5. Know where your information is online. With hackers eager to break into everything you own so they can learn a little bit more about you, it’s important for you to know where your information is online. As such, you’ll want to Google yourself to see what your attack surface, or the devices and accounts hackers can use to get personal information from you, looks like. If you come across any old accounts you no longer use, such as old Myspace and LiveJournal accounts, consider deleting them, as leaving such accounts active could trace back to you in unexpected ways. Similarly, it may be worth looking at your social media habits because you may be unknowingly revealing your own personal information.

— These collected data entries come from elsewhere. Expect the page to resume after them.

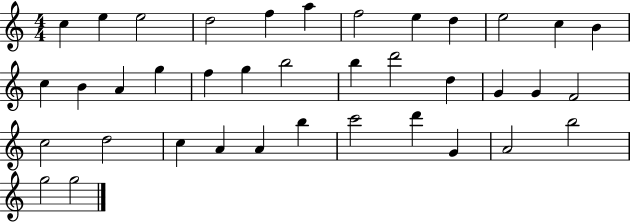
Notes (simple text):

C5/q E5/q E5/h D5/h F5/q A5/q F5/h E5/q D5/q E5/h C5/q B4/q C5/q B4/q A4/q G5/q F5/q G5/q B5/h B5/q D6/h D5/q G4/q G4/q F4/h C5/h D5/h C5/q A4/q A4/q B5/q C6/h D6/q G4/q A4/h B5/h G5/h G5/h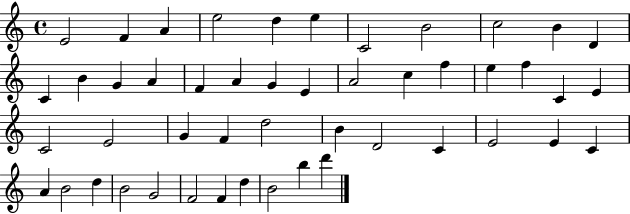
E4/h F4/q A4/q E5/h D5/q E5/q C4/h B4/h C5/h B4/q D4/q C4/q B4/q G4/q A4/q F4/q A4/q G4/q E4/q A4/h C5/q F5/q E5/q F5/q C4/q E4/q C4/h E4/h G4/q F4/q D5/h B4/q D4/h C4/q E4/h E4/q C4/q A4/q B4/h D5/q B4/h G4/h F4/h F4/q D5/q B4/h B5/q D6/q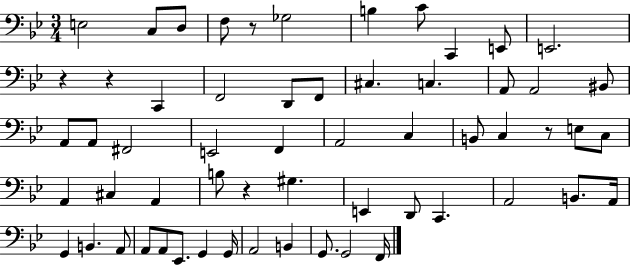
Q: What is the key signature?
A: BES major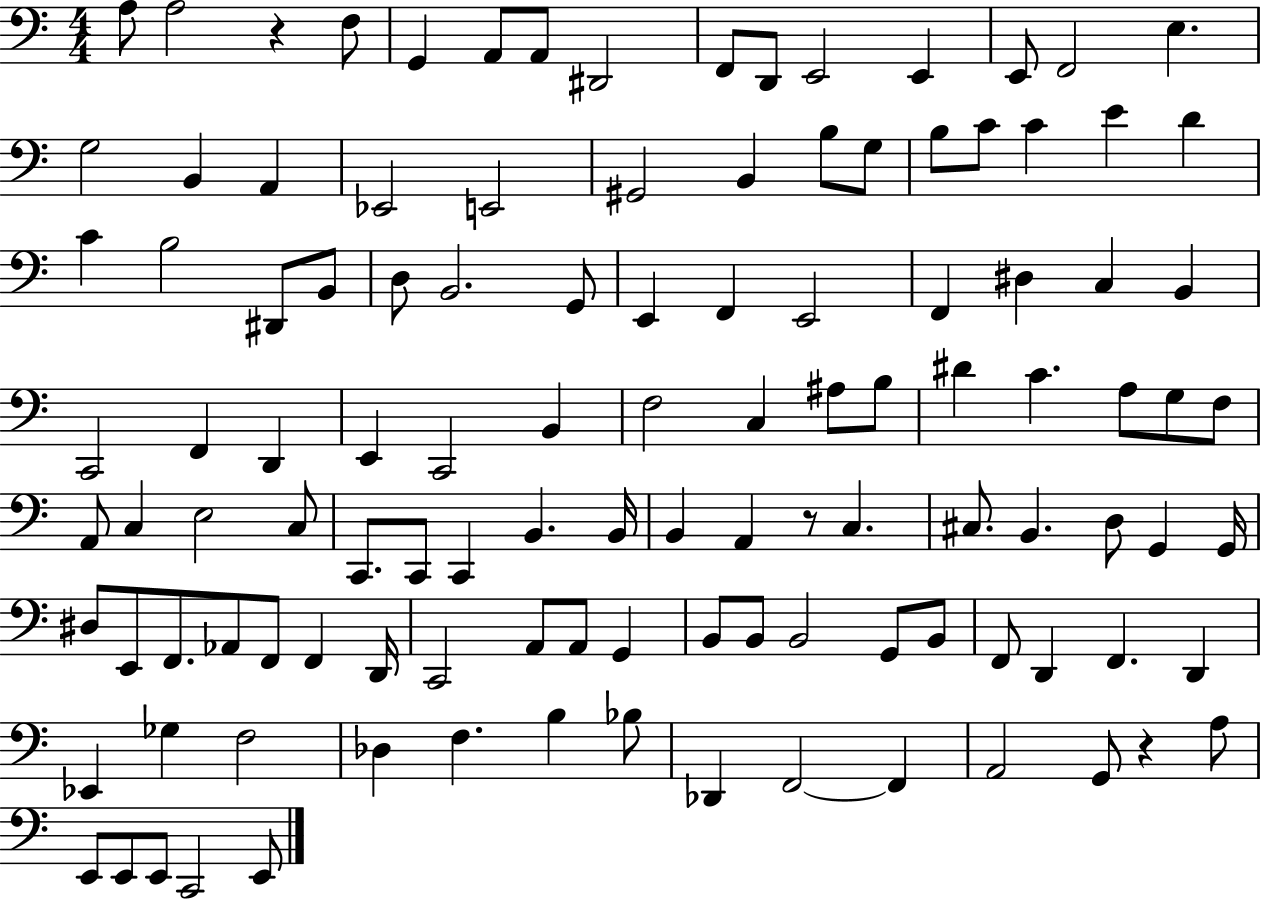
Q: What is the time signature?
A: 4/4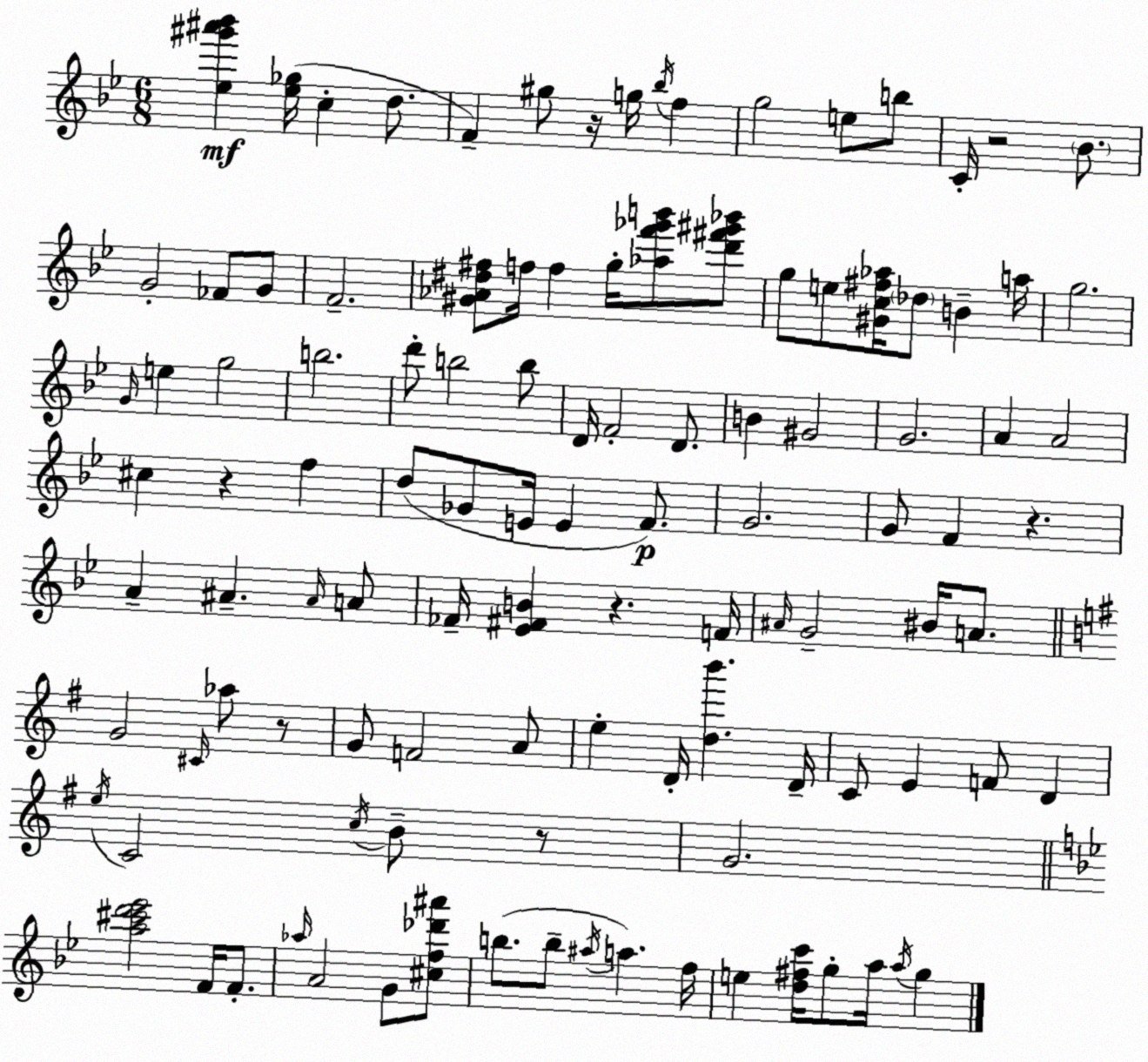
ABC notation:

X:1
T:Untitled
M:6/8
L:1/4
K:Gm
[_e^g'^a'_b'] [_e_g]/4 c d/2 F ^g/2 z/4 g/4 _b/4 f g2 e/2 b/2 C/4 z2 _B/2 G2 _F/2 G/2 F2 [^G_A^d^f]/2 f/4 f g/4 [_af'_g'b']/2 [d'^f'^g'_b']/2 g/2 e/2 [^Gc^f_a]/4 _d/2 B a/4 g2 G/4 e g2 b2 d'/2 b2 b/2 D/4 F2 D/2 B ^G2 G2 A A2 ^c z f d/2 _G/2 E/4 E F/2 G2 G/2 F z A ^A ^A/4 A/2 _F/4 [_E^FB] z F/4 ^A/4 G2 ^B/4 A/2 G2 ^C/4 _a/2 z/2 G/2 F2 A/2 e D/4 [db'] D/4 C/2 E F/2 D e/4 C2 c/4 B/2 z/2 G2 [a^c'd'_e']2 F/4 F/2 _a/4 A2 G/2 [^cf_d'^a']/2 b/2 b/2 ^a/4 a f/4 e [d^fc']/4 g/2 a/4 a/4 g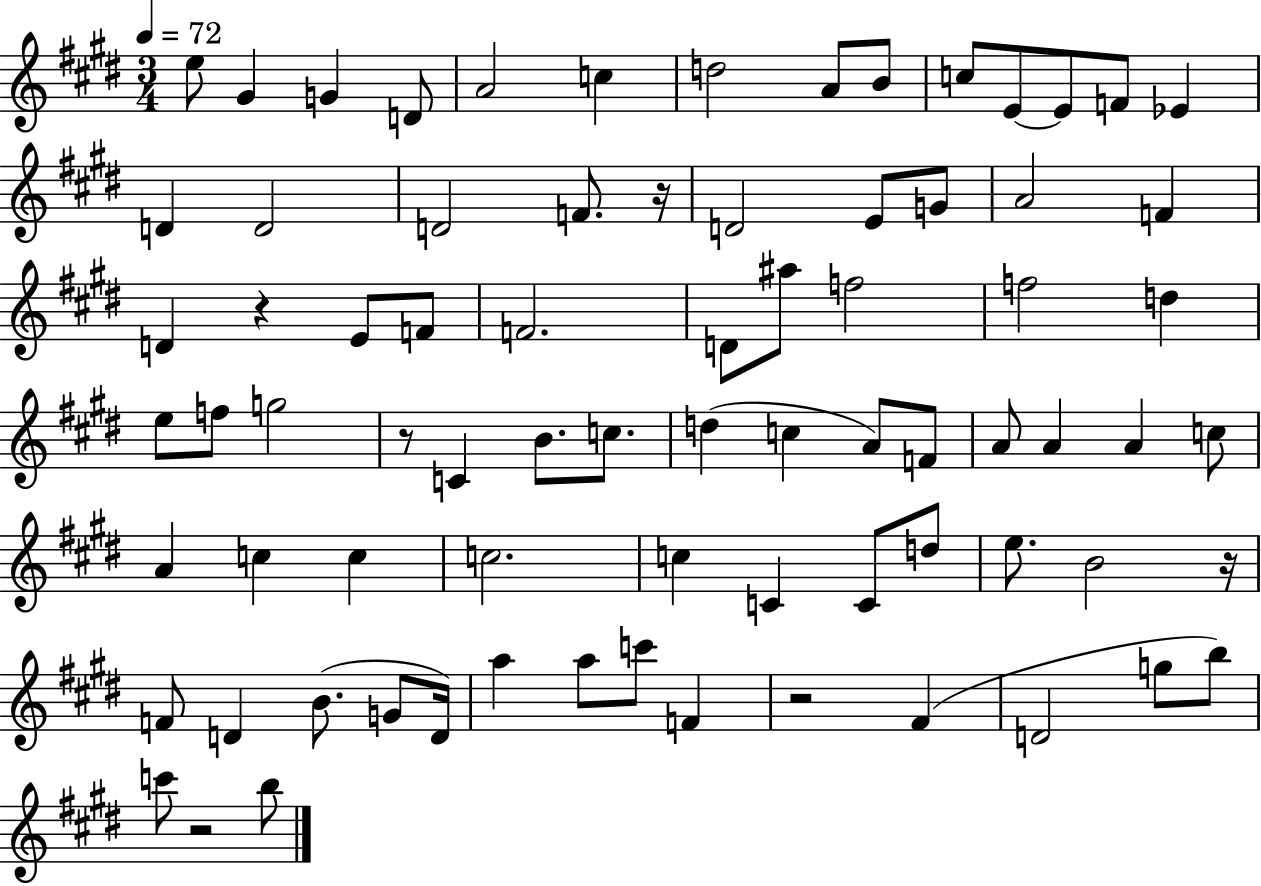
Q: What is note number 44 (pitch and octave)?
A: A4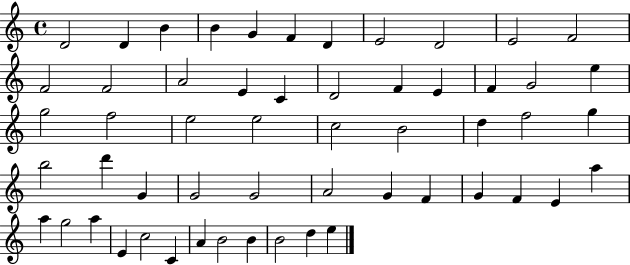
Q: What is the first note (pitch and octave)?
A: D4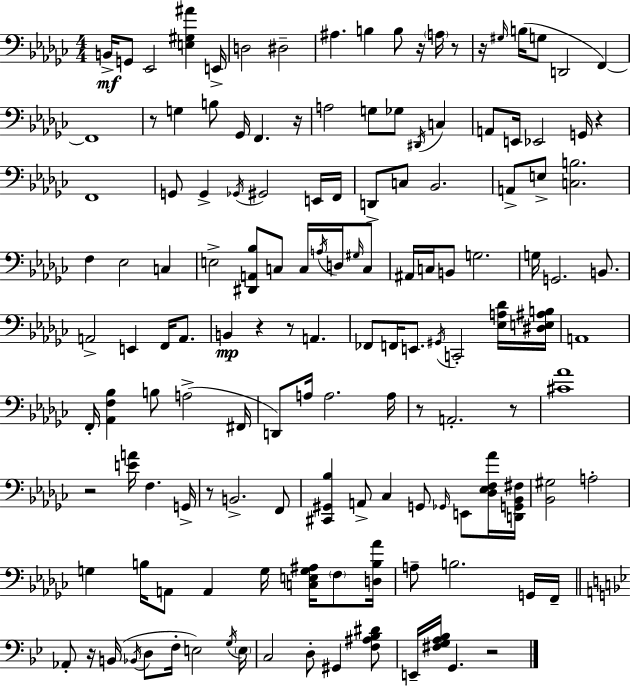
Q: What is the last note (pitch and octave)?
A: G2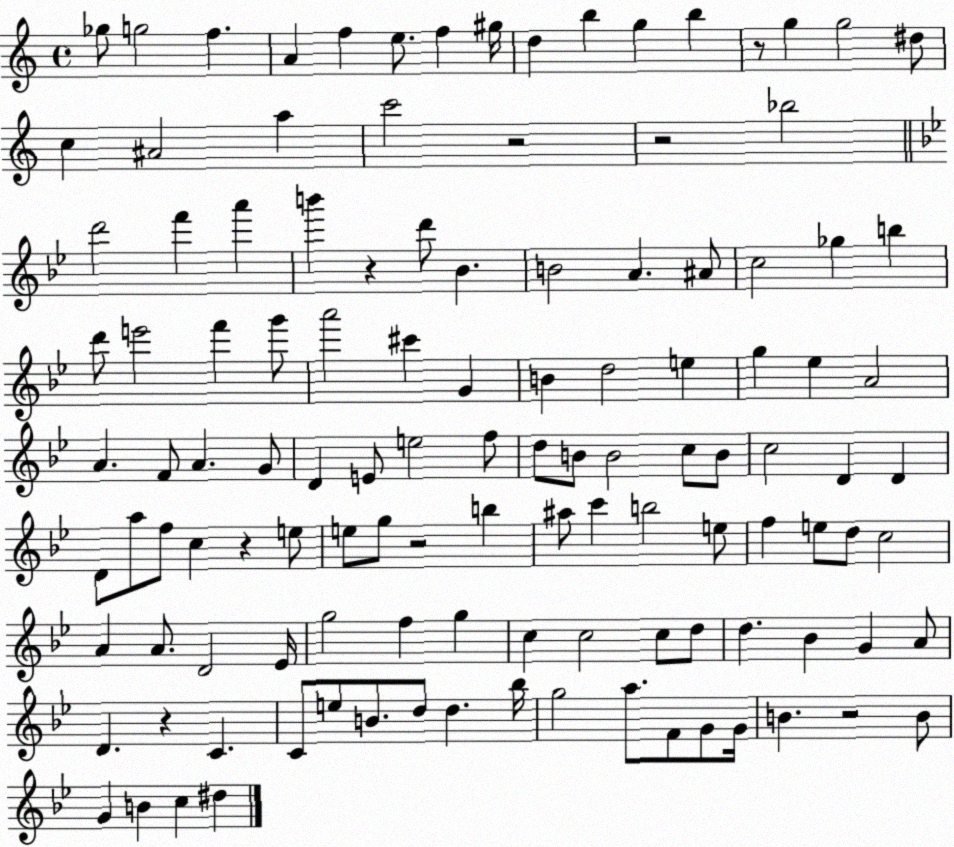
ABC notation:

X:1
T:Untitled
M:4/4
L:1/4
K:C
_g/2 g2 f A f e/2 f ^g/4 d b g b z/2 g g2 ^d/2 c ^A2 a c'2 z2 z2 _b2 d'2 f' a' b' z d'/2 _B B2 A ^A/2 c2 _g b d'/2 e'2 f' g'/2 a'2 ^c' G B d2 e g _e A2 A F/2 A G/2 D E/2 e2 f/2 d/2 B/2 B2 c/2 B/2 c2 D D D/2 a/2 f/2 c z e/2 e/2 g/2 z2 b ^a/2 c' b2 e/2 f e/2 d/2 c2 A A/2 D2 _E/4 g2 f g c c2 c/2 d/2 d _B G A/2 D z C C/2 e/2 B/2 d/2 d _b/4 g2 a/2 F/2 G/2 G/4 B z2 B/2 G B c ^d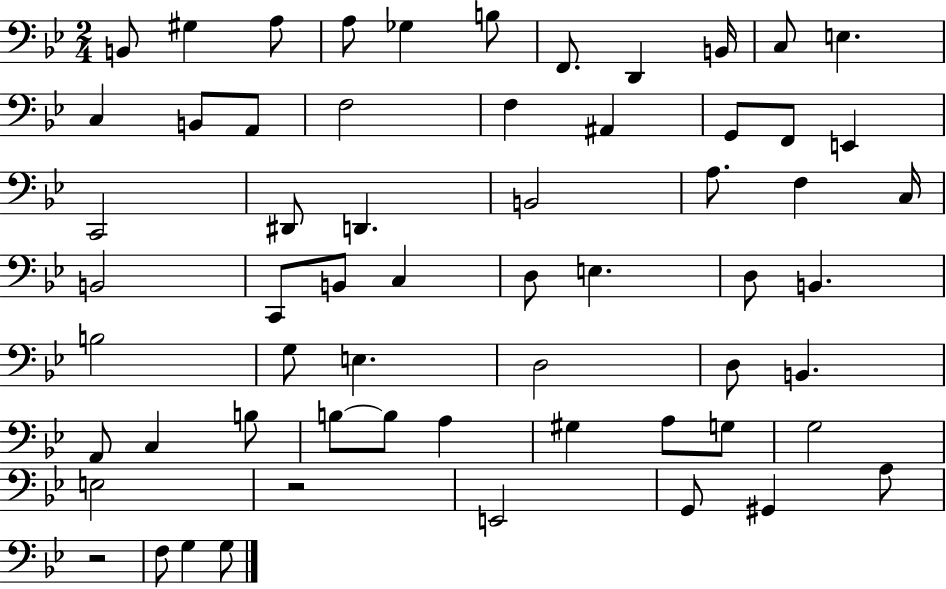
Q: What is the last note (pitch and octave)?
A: G3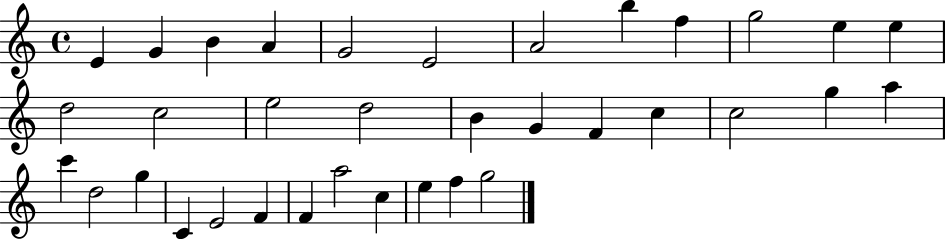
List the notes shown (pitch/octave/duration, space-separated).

E4/q G4/q B4/q A4/q G4/h E4/h A4/h B5/q F5/q G5/h E5/q E5/q D5/h C5/h E5/h D5/h B4/q G4/q F4/q C5/q C5/h G5/q A5/q C6/q D5/h G5/q C4/q E4/h F4/q F4/q A5/h C5/q E5/q F5/q G5/h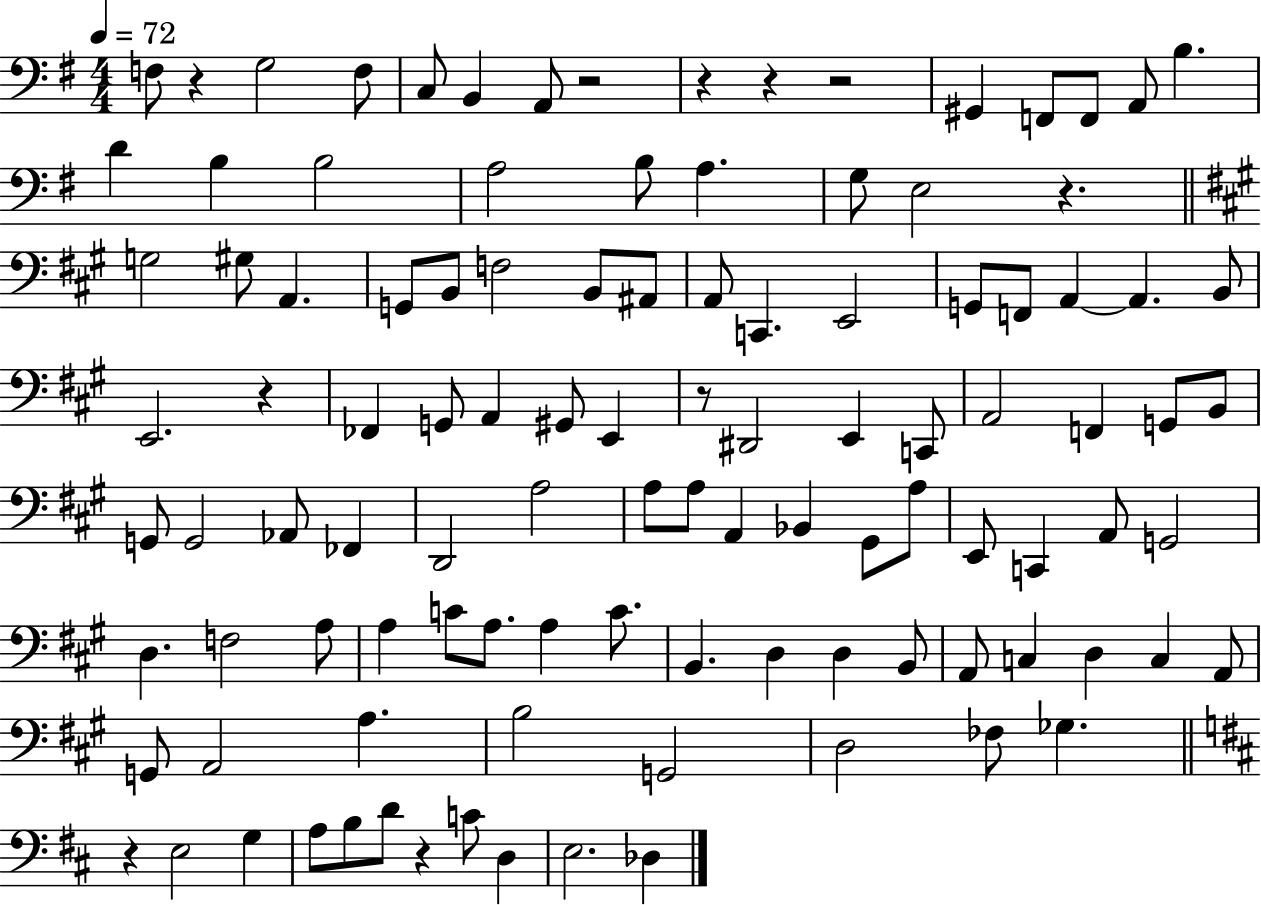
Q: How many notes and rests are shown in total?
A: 108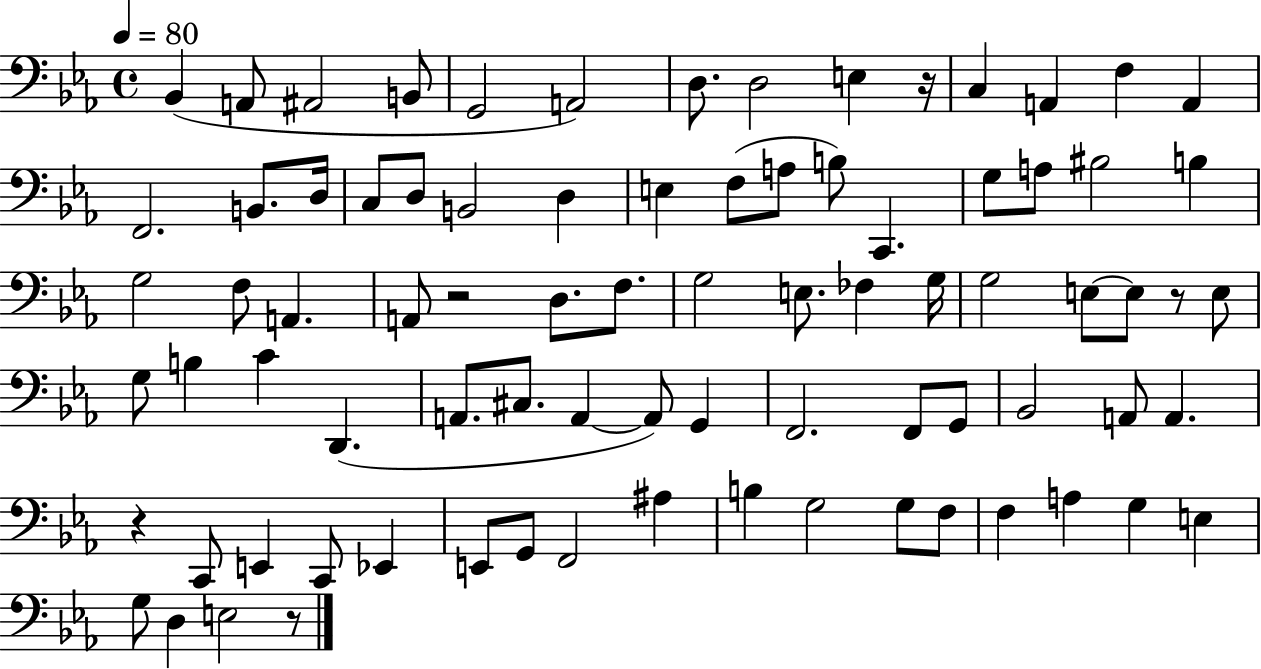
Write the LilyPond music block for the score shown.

6. Know that victims can potentially sue for compensation. In a small victory, a U.S. judge recently ruled that Yahoo can face litigation for the consequences caused by its breaches, meaning that any lawsuits against Yahoo can go forward. Although you may not want to go hire an attorney and start a suit yourself, you can stay alert for news of any class-action lawsuits against Yahoo, as some will likely pop up in the coming months.

Why are we just learning about the true extent of this hack?

Data breach discovery and reporting is a fairly slow process. Verizon’s annual Data Breach Investigations Report has consistently found that internal discovery of breaches can take weeks or months. Given a large number of factors that go into investigating breaches, this isn’t too surprising. Good hackers know how to cover their tracks and mislead, which can lengthen investigations. Additionally, not every organization is going to have the same type of resources for investigating breaches. In the case of Yahoo, it is strange that the former tech giant took more than two years to report a breach, but some experts suspect that over the past few years Yahoo sacrificed security for consumer convenience. Given that resources within the organization were diverted away from security initiatives, it’s possible that this hindered any attempts at a timely response to these breaches or the ability to spot them early.

The Yahoo breaches, while frightening, provide important lessons for other organizations and consumers. The key takeaway is that cybersecurity is essential to both organizations and consumers. Another takeaway is that breach alerts and announcements can be vague (usually intentionally) or incomplete — something Equifax’s latest announcement has also taught us. While we knew the 2013 breach investigation process was incomplete when it was first announced in December of last year, few would have guessed that every Yahoo user had their account compromised. As such, whenever a breach has been announced, a consumer’s best defense is to beef up their cybersecurity, like changing your passwords, even if it isn’t confirmed or known who was impacted.